Excerpts from Exemplar of Liberty by Donald Grinde and Bruce Johansen

The Great Law included provisions guaranteeing freedom of religion and the right of redress before the Grand Council. It even forbade unauthorized entry into homes – measures that sound familiar to United States citizens through the Bill of Rights.

Women played a profound role in Iroquois political life. Although the Iroquois were bound together by a clan and chieftain system, which was buttressed by a similar linguistic base, the League of the Iroquois was much more than simply a kinship state. The basic unit of government was the “hearth,” which consisted of a mother and her children. Each hearth was part of a wider group called an otiianer, and two or more otiianers constituted a clan. The word otiianer specifically referred to the female heirs to the chieftainship titles of the League. The otiianer women selected one of the males within their group to fill any of the fifty seats in the League.

All the sons and daughters of a particular clan were related through uterine families that often lived far apart. In this system, a husband went to live with his wife’s family, and their children became members of the mother’s clan by right of birth. Through matrilineal descent, the Iroquois formed cohesive political groups – headed by the “clan mothers” – that had little to do with where people lived or from what village the hearths originated. All authority sprang from the people of the various clans that made up the Iroquois Confederacy. The clan mothers appointed the male delegates and deputies who, after consultation within the clan, spoke for them at tribal meetings where issues and questions were formulated and subsequently debated in council.
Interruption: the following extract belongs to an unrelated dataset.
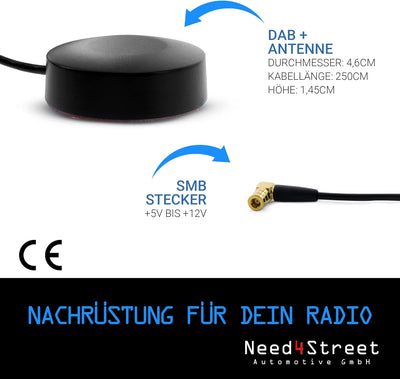 Need4Street DAB+ Antenne zum Nachrüsten des Autoradios, Stecker SMB, Kabellänge 250cm, Autoantenne m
Instead of formal instruments of authority, the Iroquois governed behavior by instilling a sense of pride and belonging to the group through common rituals and the careful rearing of children. Iroquois youth were trained to enter a society that was egalitarian, with power more evenly distributed between male and female, young and old, than was common in Euro-American society.

The Great Tree of Peace

In his vision, [the prophet] Deganawidah saw a giant evergreen (the Great White Pine) reaching to the sky and gaining strength from three counter-balancing principles of life. The first law of nature was that a stable mind and healthy body must be in balance so that peace between individuals and groups could occur. Secondly, Deganawidah believed that human conduct, thought, and speech were requirements for equity and justice among peoples. Finally, he divined a society in which physical strength and civil authority would reinforce the power of the clan system.
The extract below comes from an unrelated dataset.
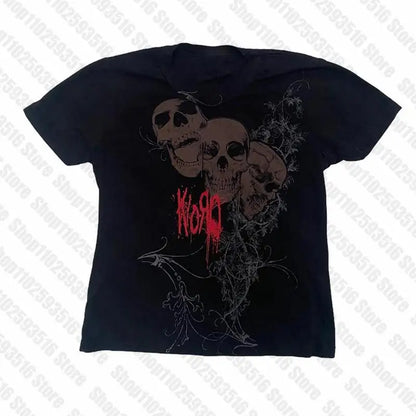 Aesthetic 2023 Goth Crop Top y2k Women Harajuku O Neck Short Sleeve Sweat Shirt Graphic Pattern Fairy Grunge Clothing crop tops Black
Deganawidah’s tree had four white roots that stretched to the four directions of the earth. This tree was humanity, living within the principles governing relations among human beings, and the eagle perched on top of the giant pine was humanity’s lookout against enemies who would disturb the peace. His vision was a message from the Creator, bringing harmony to human existence and uniting all peoples into a single family guided by three principles.

The primary national symbol of the Haudenosaunee was the Great White Pine, which served throughout the Great Law as a metaphor for the Confederacy. Its branches sheltered the people of the Five Nations, and its roots spread to the four directions, inviting other peoples, regardless of race or nationality, to take refuge under the tree. The Haudenosaunee recognized no bars to dual citizenship; in fact, many influential figures in the English colonies and early United States were adopted into Iroquois nations.
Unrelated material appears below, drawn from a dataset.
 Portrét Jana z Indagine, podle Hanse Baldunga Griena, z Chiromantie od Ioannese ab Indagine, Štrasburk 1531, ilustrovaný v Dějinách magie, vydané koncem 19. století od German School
Each of the five nations maintained its own council, whose sachems were nominated by the clan mothers of families holding hereditary rights to office titles. The Grand Council at Onondaga was drawn from the individual national councils, but could also nominate sachems outside the local hereditary structures based on merit alone. These sachems, called “pine tree chiefs,” were said to have sprung from the body of the people much as the symbolic Great White Pine had grown from the earth.

The rights, duties, and qualifications of sachems were explicitly outlined, and the clan mothers could remove (or impeach) a sachem that was found guilty of any number of abuses of office.